* _WORK INSTRUCTIONS_
Out of the material that follows, write out exactly the lines from the line with "SOLD Boa Having" to the line with "Green Parakeet - Christopher Lindsey", both ends included, and no others.

* _EXERCISE MATERIALS_
__________

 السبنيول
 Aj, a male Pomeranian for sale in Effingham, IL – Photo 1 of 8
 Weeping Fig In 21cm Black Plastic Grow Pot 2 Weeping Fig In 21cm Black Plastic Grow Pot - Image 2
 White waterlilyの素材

__________

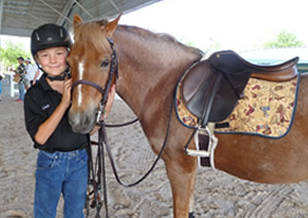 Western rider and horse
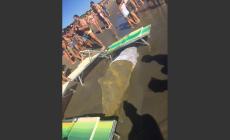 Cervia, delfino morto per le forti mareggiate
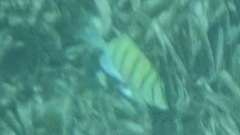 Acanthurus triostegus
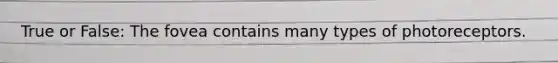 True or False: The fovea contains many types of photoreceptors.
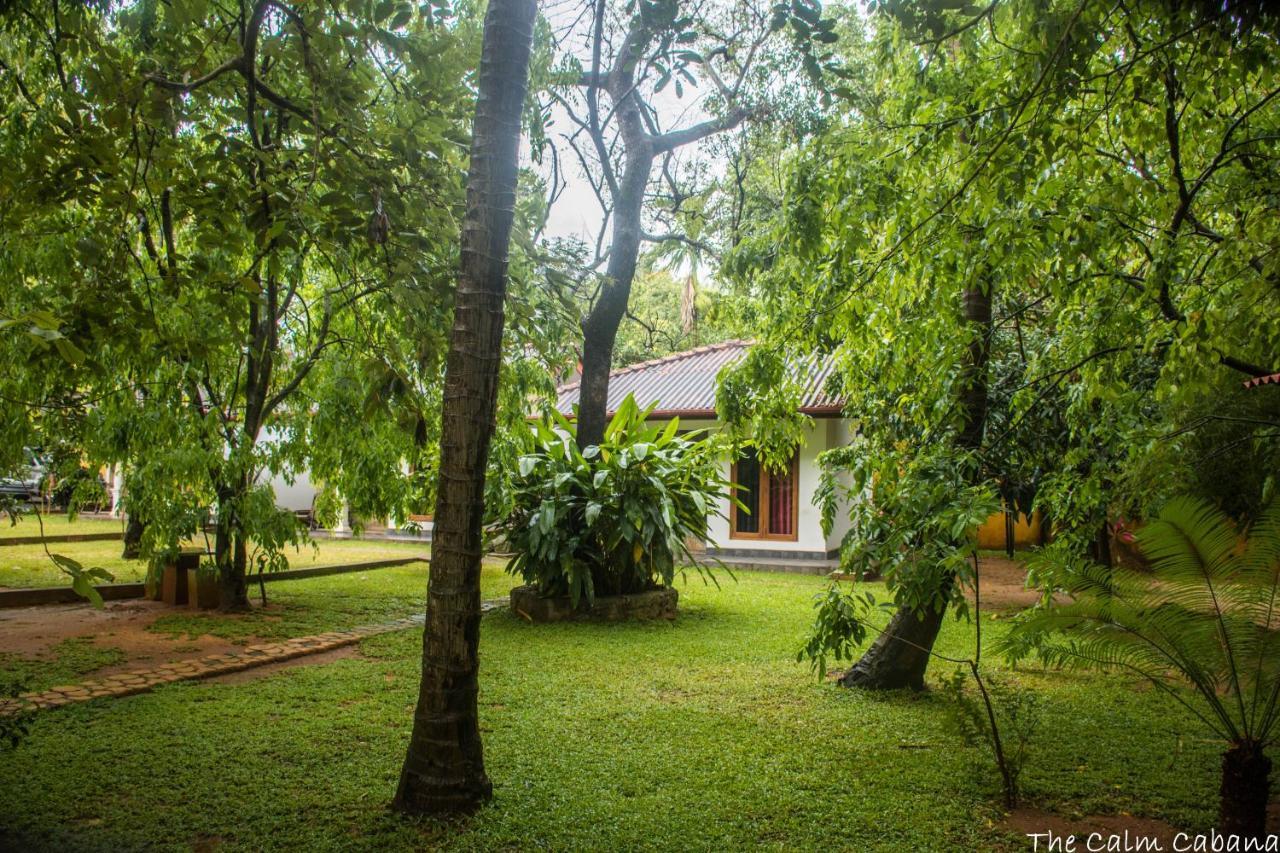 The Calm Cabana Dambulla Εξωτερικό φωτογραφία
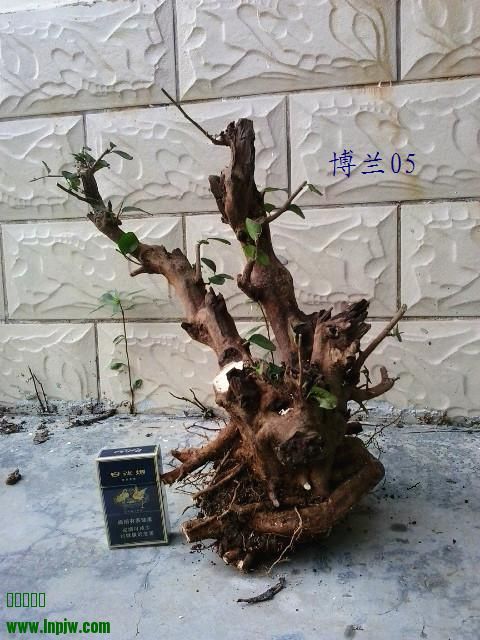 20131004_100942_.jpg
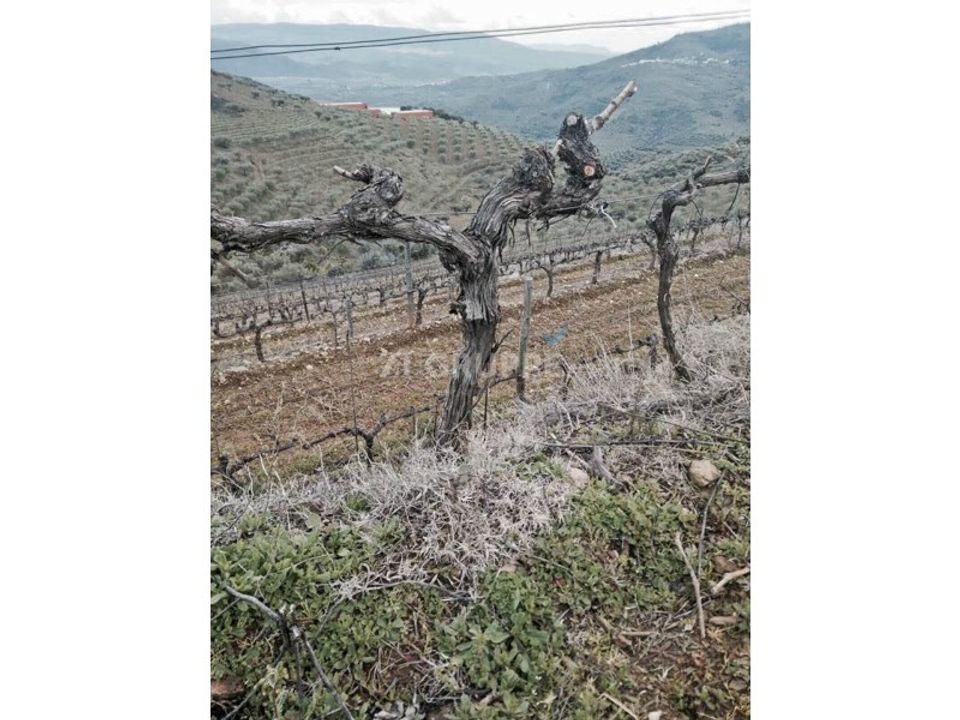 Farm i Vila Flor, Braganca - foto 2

__________

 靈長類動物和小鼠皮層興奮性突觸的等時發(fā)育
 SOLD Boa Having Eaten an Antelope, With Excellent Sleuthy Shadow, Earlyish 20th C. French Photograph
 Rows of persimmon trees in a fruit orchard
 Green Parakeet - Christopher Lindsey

__________

* _ANSWER BOX_
 SOLD Boa Having Eaten an Antelope, With Excellent Sleuthy Shadow, Earlyish 20th C. French Photograph
 Rows of persimmon trees in a fruit orchard
 Green Parakeet - Christopher Lindsey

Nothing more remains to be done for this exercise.